Cambodia suffered many wars in the last century. The period from 1975 to 1979, when the country was ruled by the Khmer Rouge, was the most brutal and destructive period in the history of the country.  Under the Khmer Rouge regime, all cultural institutions were destroyed, including the National Library of Cambodia located in Phnom Penh, capital of the country. At the time, the National Library was turned into an office of the military, where soldiers burned furniture and books for cooking. Fortunately, by the time the Khmer Rouge was overthrown by the Vietnamese army in 1979, a few thousand books in the library still remained. Among the surviving materials was a collection of about 500 palm-leaf manuscripts.    

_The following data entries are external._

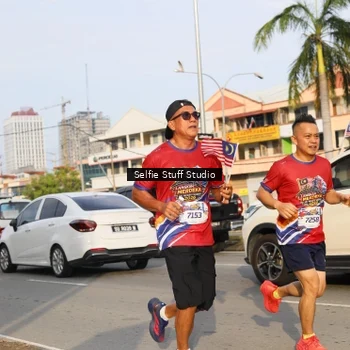 Runner Photo 6003698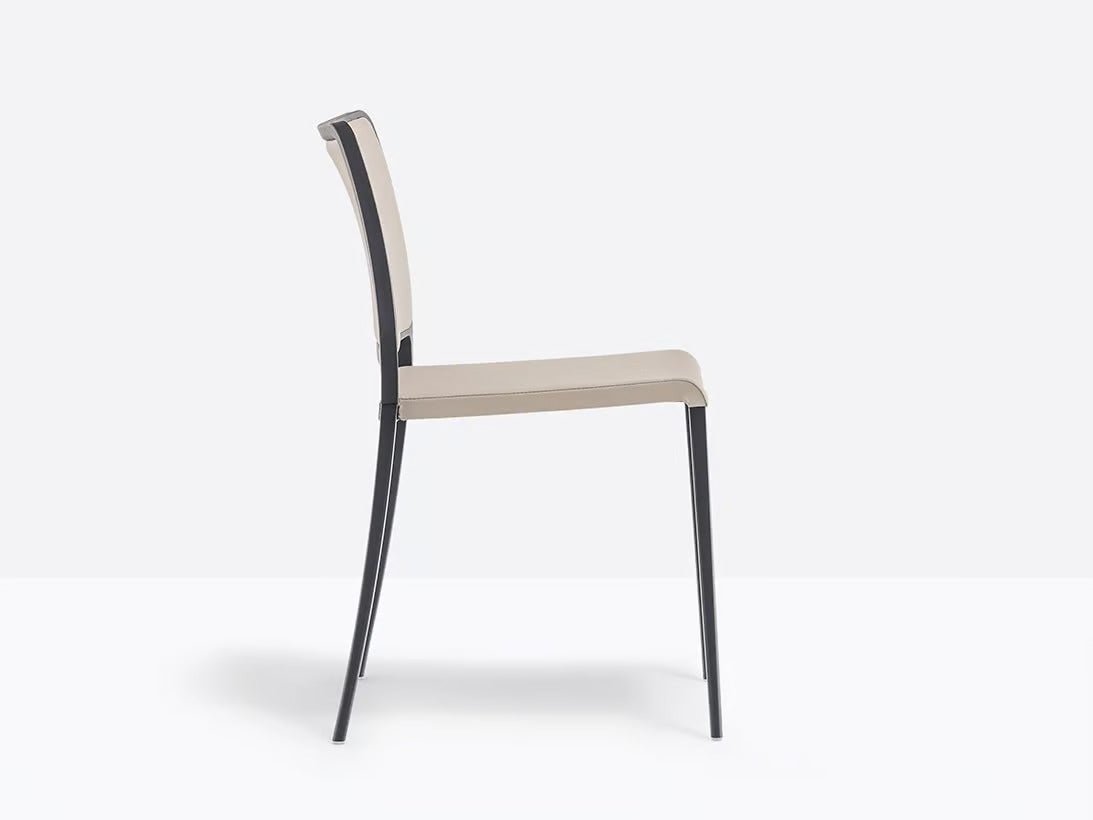MYA 711 - Basic Collection Kft.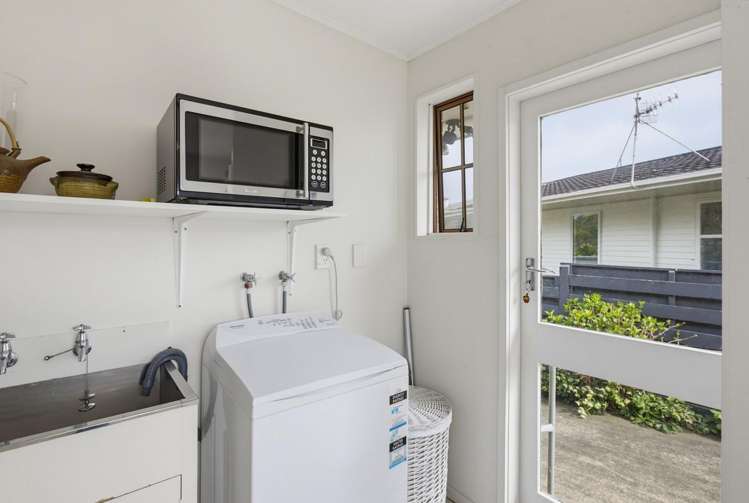 15a Te Maku Grove Waikanae_21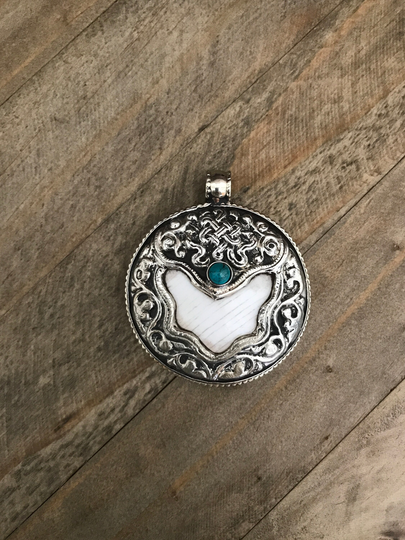 Shell Pendant Set With Turquoise, Endless Knot, Handcrafted, Nepalese, Tibetan Repousse Silver, Himalayan, 62x54 Mm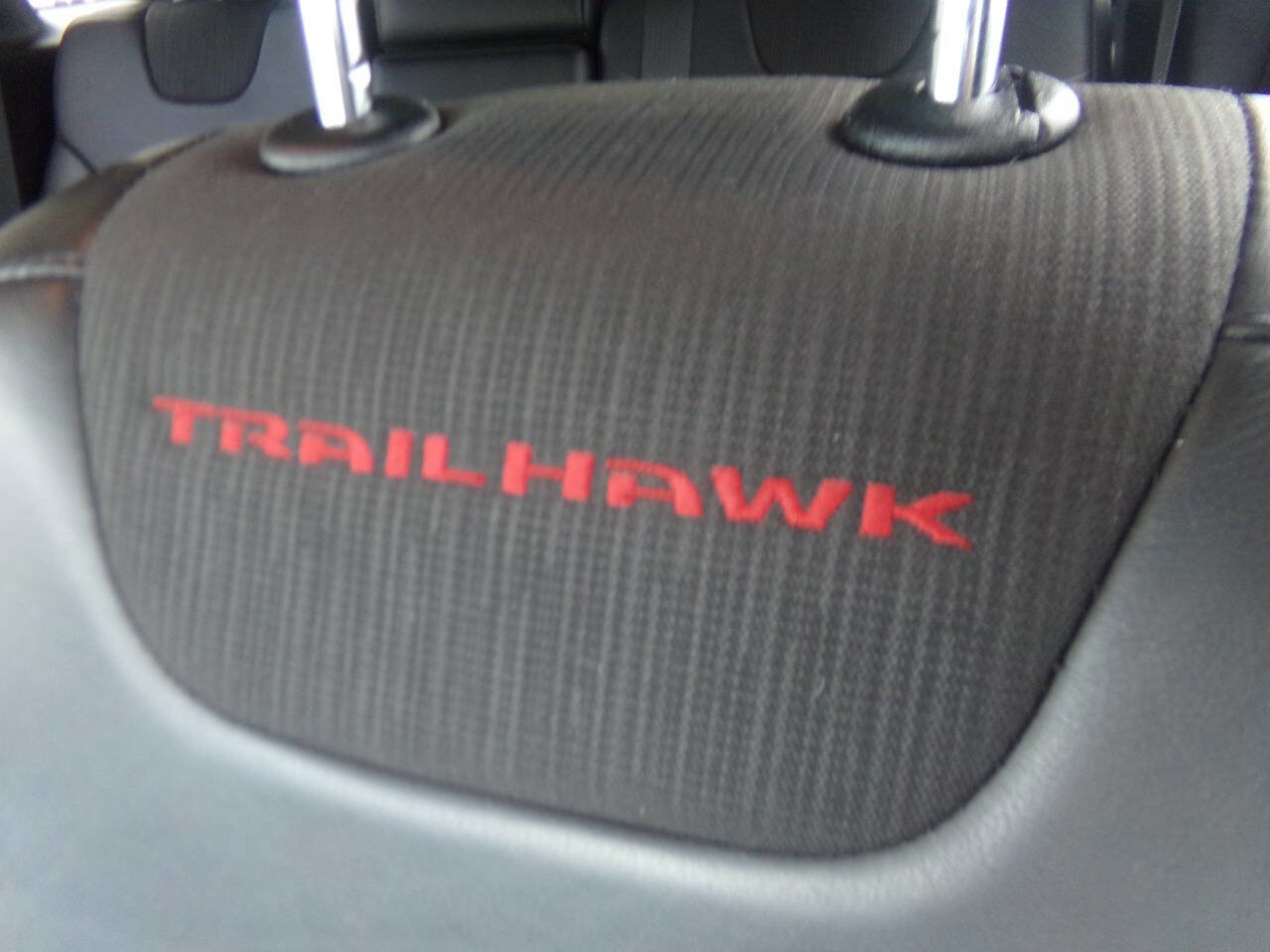 Used 2018 Jeep Cherokee Trailhawk w/ Cold Weather Group image 24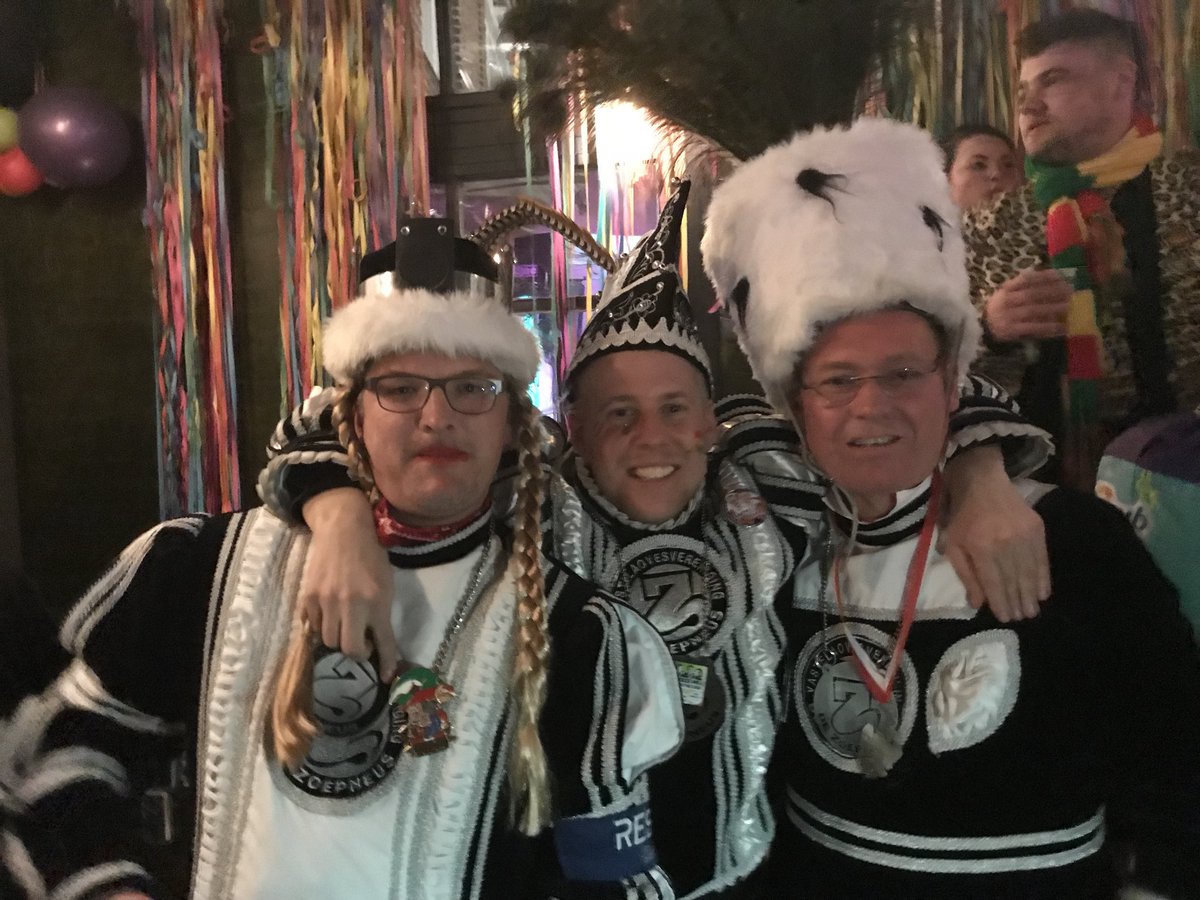 Ut was biëstig moj gisteren! Preens Bert hed zien moijste dag van zien laeve belaefd!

The palm-leaf manuscripts, written in Pali and Khmer, with some written in Thai, are important records of Buddhist literature, including Buddhist prayers and sermons, and Cambodian folktales. The manuscripts seem to date mainly from the 19th century, since the most practical preservation strategy had been constantly to copy deteriorating manuscripts, a task traditionally performed by Buddhist monks.  Between 1989 and 1990, Cornell University assisted the National Library of Cambodia preserve the deteriorated manuscripts, by cleaning and storing them in archival boxes. The manuscripts were then microfilmed. Copies of the microfilms are currently available only at two American institutions, the Center for Research Library and Cornell University Library, while the one held at the National Library of Cambodia is unusable because the only microfilm reader in the library is not working.  

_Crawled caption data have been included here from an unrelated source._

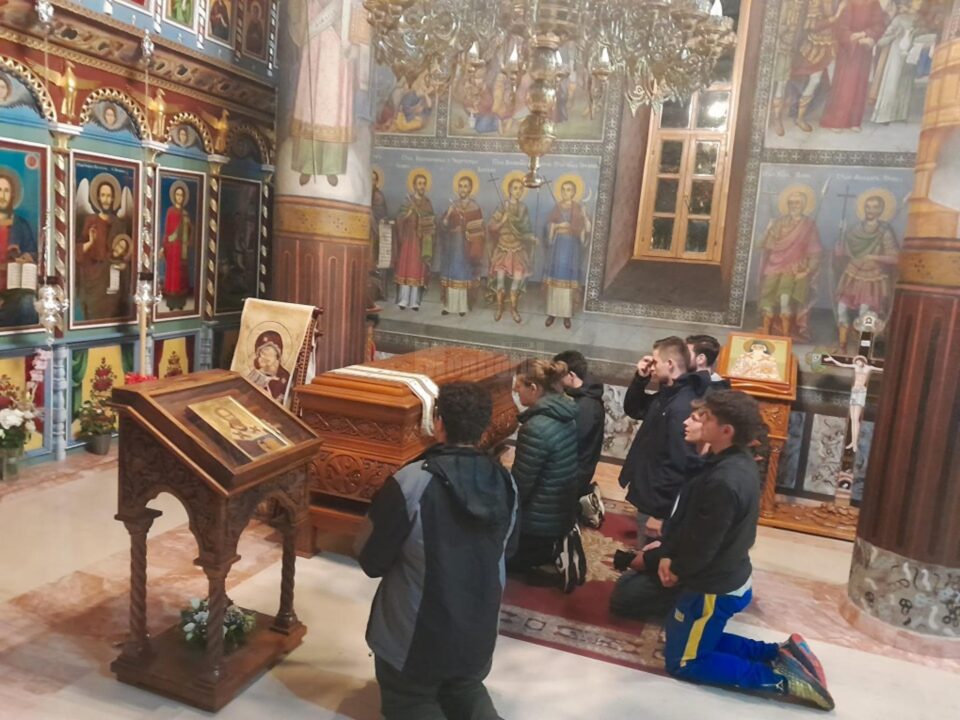 Tineri din Grupul de Cateheză de la Biserica „Sfântul Dumitru” din Suceava, în pelerinaj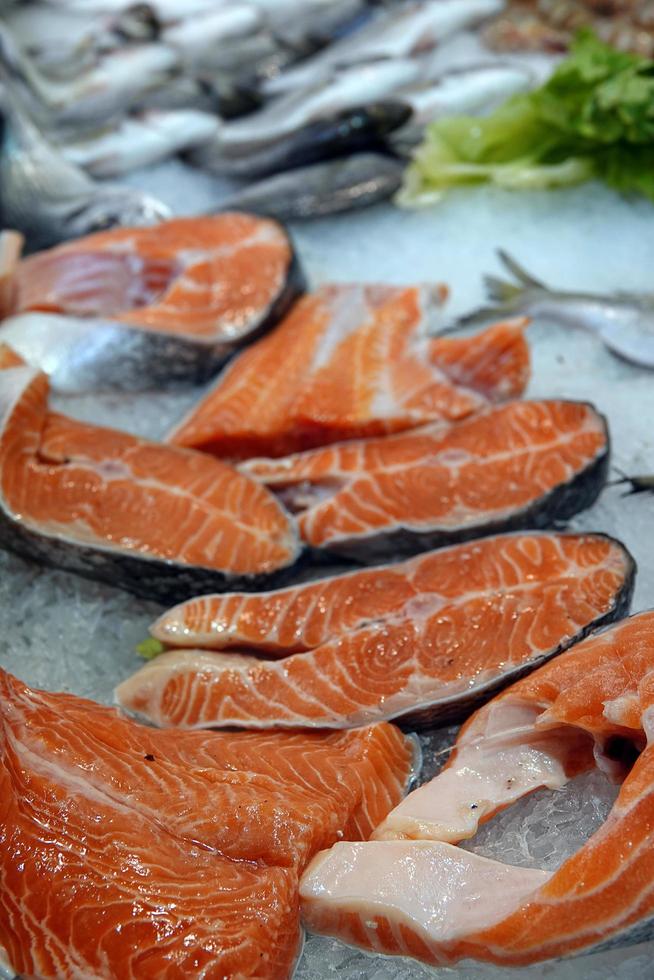 comida crua salmão peixe no gelo foto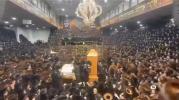 Main image for חלק ג': פולע ווידיאוס פון די הכנסת ספר תורה בחצר הקודש סאטמאר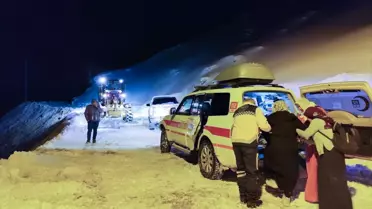 Karla kapalı yolda kurtarma ekiplerinin çalışması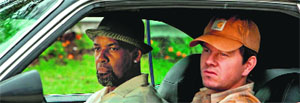 Denzel Washington and Mark Wahlberg in 2 Guns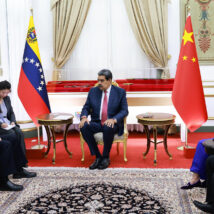 O ditador da Venezuela, Nicolás Maduro, e o representante do regime comunista chinês, Qiu Xiaoqi, durante encontro nesta sexta (2). Imagem referente a matéria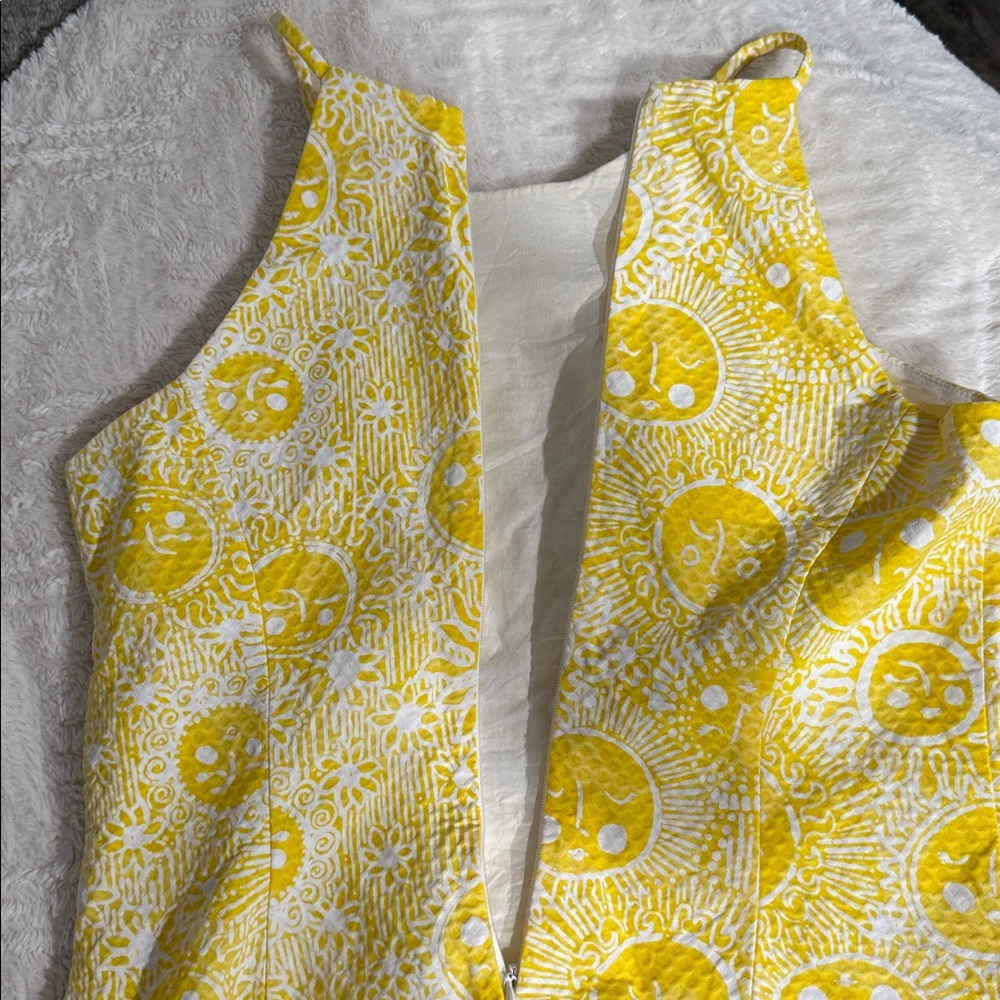 Lilly Pulitzer Cream and Yellow Top - Picture 6 of 6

This digitization project, funded by the Henry Luce Foundation, digitized 511 palm-leaf manuscripts at the National Library of Cambodia, making them freely available online. Scholars worldwide now have access to these valuable primary sources for the study of religions, literature, and culture of Cambodia. By digitizing the manuscripts, the project also helped preserve an important cultural heritage of Cambodia.